Syrians in northwest who fled Assad regime fear renewed hardship
Health care workers hold signs near the Bab al-Hawa crossing during a sit-in against its closure, at the Syrian-Turkish border, in Idlib governorate, Syria, July 2, 2021. (Reuters Photo)


Syrians that fled the rule of the Bashar Assad regime and took shelter in the northwestern areas fear their fate may once again be placed in the regime’s hands as the last border-crossing for humanitarian aid is at risk of being shut.

Russia, Assad's key ally, wants United Nations aid to the region to come through the capital Damascus and not via Turkey, raising fears that the food they rely on will fall under their oppressor's control.

A U.N. mandate to supply aid from Turkey, currently via the Bab al-Hawa crossing, expires Saturday, and while Western members of the U.N. Security Council want to extend and expand it, veto powers Russia and China are wary of renewing it. Russia skipped negotiations on the issue Tuesday.

Hossam Kaheil, who fled to Idlib in 2018 when the rebellion in Ghouta, just outside Damascus, was defeated, does not trust regime authorities to let aid through if supply lines are changed.

"In Idlib the situation is good, but if they close the crossings, there will be a humanitarian catastrophe," said the 36-year-old, who recalls being so hungry in 2014, as Syrian regime forces laid siege to Ghouta, that he had to eat animal feed. He added that two of his siblings died due to medical shortages during the siege, described by U.N. investigators as the longest in modern history.

U.N. aid across the Turkish border has helped to keep millions of Syrians supplied with food, medicine and water in the last part of Syria still held by the opposition.

The regime says it is committed to facilitating the delivery of U.N. aid from within the country. The Syrian information ministry did not respond to emailed questions from Reuters for this article.

Russian President Vladimir Putin said last month that the Red Cross and Red Crescent should be allowed to observe if there were suspicions of any stealing, although he did not think that would happen.

Russian leverage

The tussle marks a diplomatic front in a war that has been in a military stalemate for several years, with Moscow and Damascus seeking to reassert state sovereignty over a corner of Syria outside their control.

Since winning back the bulk of Syria with Russian and Iranian help, Assad has struggled to advance further. Turkish forces block his path in the northwest, and United States forces are on the ground in the east, where oilfields, farmland and land routes to Iraq are located.

Regime-held Syria, along with the rest of the country, is in economic crisis. Assad's plans for reconstruction and economic revival, which came to little, faced new headwinds with the imposition of new U.S. sanctions last year.

"This is a moment of leverage for Russia – a wrangle over strategic advantage in which humanitarian issues are being used as the fulcrum," Joshua Landis, head of the Center for Middle East Studies at the University of Oklahoma, told Reuters.

"Unfortunately the Syrian people are the real losers in this battle between Russia and the U.S."

The U.S. wants the aid mandate renewed.

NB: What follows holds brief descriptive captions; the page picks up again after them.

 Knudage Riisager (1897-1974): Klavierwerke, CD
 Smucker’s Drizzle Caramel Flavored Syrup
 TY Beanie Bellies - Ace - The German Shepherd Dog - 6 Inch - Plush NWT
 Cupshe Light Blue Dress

So does Turkey, which exercises sway in the northwest through support to the opposition, aid and Turkish boots on the ground.

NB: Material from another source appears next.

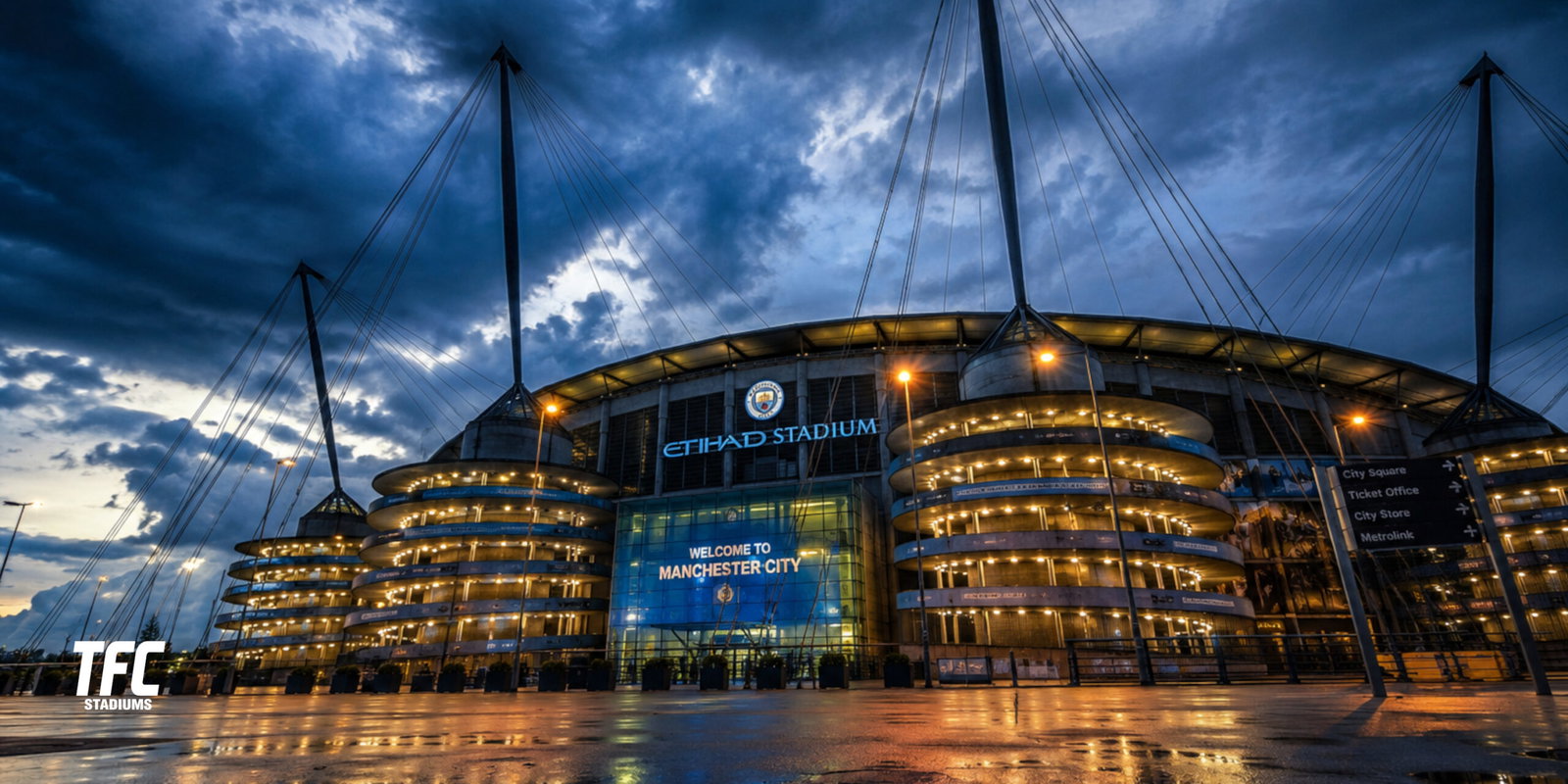 Etihad Stadium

The U.N. has warned that failure to renew the aid operation would be devastating for millions of people.

"We don't want to see these people becoming pawns in a political game," said Mark Cutts, U.N. deputy regional humanitarian coordinator for the Syria crisis.

"It is really shameful that we are talking about reducing access at a time when we should be scaling up the operation," he added.

The number of people dependent on aid in the northwest has grown by 20% to 3.4 million in a year, the U.N. says.

Mistrust

Russia cites U.S. sanctions as a reason for the humanitarian problems. Washington, whose sanctions aim to cut off funds for the Assad regime, rejects this.

Agreed in 2014 when Assad was in retreat, the U.N. mandate initially allowed deliveries from four locations. Russian and Chinese opposition whittled this down to one last year. Russia says the operation is outdated.

Delivering aid across front lines has proven difficult if not impossible throughout the war. "We've requested access for cross-line convoys multiple times ... because we would like as much access as possible from all sides, but the war is not over," Cutts said.

"In this kind of environment, it is very difficult to get agreement from the parties on both sides for convoys to move across that front line," he added.

Durmuş Aydın, secretary-general of Turkey's Humanitarian Relief Foundation (IHH), part of the aid operation, told Reuters that aid deliveries across front lines did not seem possible at the moment.

"One of the reasons this isn't a realistic solution is the mistrust in people toward the Syrian (regime) government and Russia," he said.